I finally managed to find a comic book shop that had the first issue of Django Zorro yesterday. When I asked at the first shop I went to, the guy said to me, "I haven't ordered Zorro in years."
When I said, "Yeah, but this one was co-written by Quentin Tarantino," he just looked at me blankly like this meant nothing to him.
It's co-written by Matt Wagner whose work I'm unfamiliar with--I gather he's been in charge of Zorro in comics for some time. The first issue is pretty short and moves along briskly though it's sadly lacking in profanity. Still, dialogue by Django and the various bandits he and Don Diego dispatch has something of the noir-ish, very natural while very stylised, quality Tarantino is known for.

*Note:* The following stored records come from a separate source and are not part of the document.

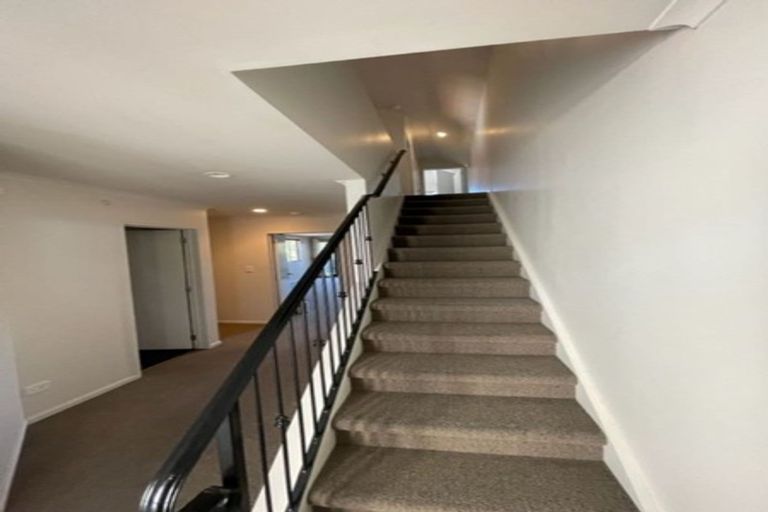 Photo of property in 2/27 Kellaway Drive, East Tamaki, Auckland, 2013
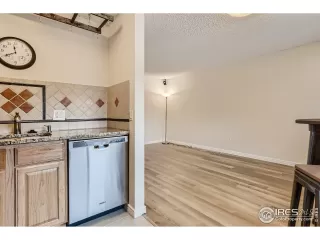 Photo #6: 967331 Listing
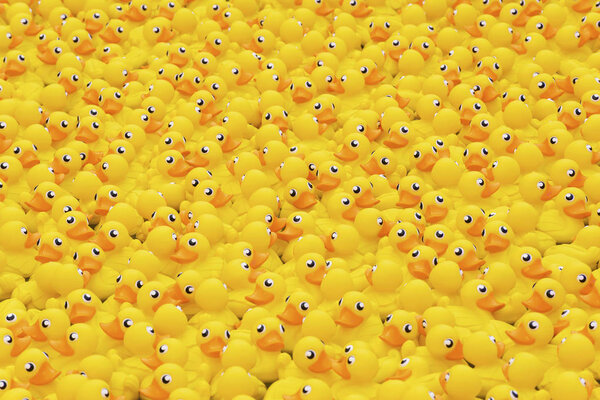 Желтая игрушечная утка плавающая в бассейне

Last night I also listened to Minuet In Hell, a rather remarkable Doctor Who audio play from 2001 featuring Paul McGann as the Eighth Doctor trapped in an American asylum where vagrants are being given experimental lobotomies and his companion, Charley Pollard (India Fisher), has amnesia and takes a job as a prostitute in a costume brothel that serves a modern incarnation of the Hellfire Club. It's the most adult Doctor Who story I've seen or heard, not only because of the sexual content but the politics are really something only an adult could appreciate, a satire on the American right wing it features a former senator whose accent is so broad he sounds like Yosemite Sam (he actually says, "Tarnation!" at one point) and the aforementioned cynical exploitation of the poor.

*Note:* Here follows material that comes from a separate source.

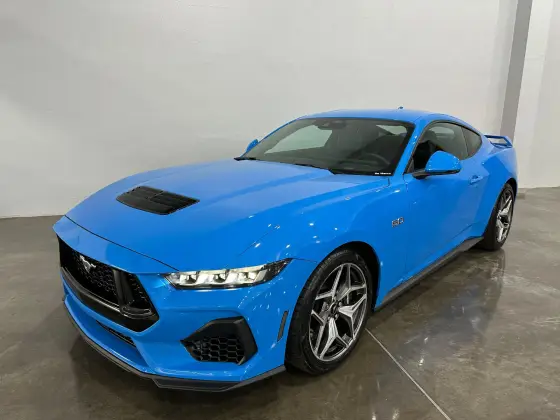 FORD MUSTANG 2024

More interesting, perhaps, is the Doctor's struggle with his identity--the audio play begins with the Doctor already in the asylum and another inmate talking as though he's the Doctor, both of them rambling about how they're literally in Hell, and this is contrasted rather intriguingly with a meeting of the Hellfire club. The only handhold of sanity for the audience is Brigadier Lethbridge-Stewart--as far as I can tell, this is chronologically the last time the Brigadier and the Doctor encounter each other, at least where they're both played by actors previously established in the roles. Listening to the Brigadier getting frustrated as he tries to send coded messages over the internet is pretty funny.
It was written by Gary Russell and Alan W. Lear, apparently based on fan fiction written by Lear in the 80s. The final two segments were written by Russell which may explain the dramatic shift in tone. It goes from a story about frantic attempts to get ahold of identity and memory to a story about switches being thrown while guards are asleep to foil a villain giving speeches about his master plan. Somewhat anti-climactic.
The format of audio play at one point led to a scene where Charley has to sound natural telling everyone that she's wearing a red leather corset and spiky heels. It doesn't quite come off but it was a pleasing mental image.
Twitter Sonnet #693
The shoelace changed gum optics for all time.
Brass awkward beaker grips take the lights home.
Bouquet hoards burn the safe garden bank mime.
Conifer needles gauge the flint from chrome.
Fog brownie deployment breaks the sprinkle.
Bean early morning X-Wing bars serve shots.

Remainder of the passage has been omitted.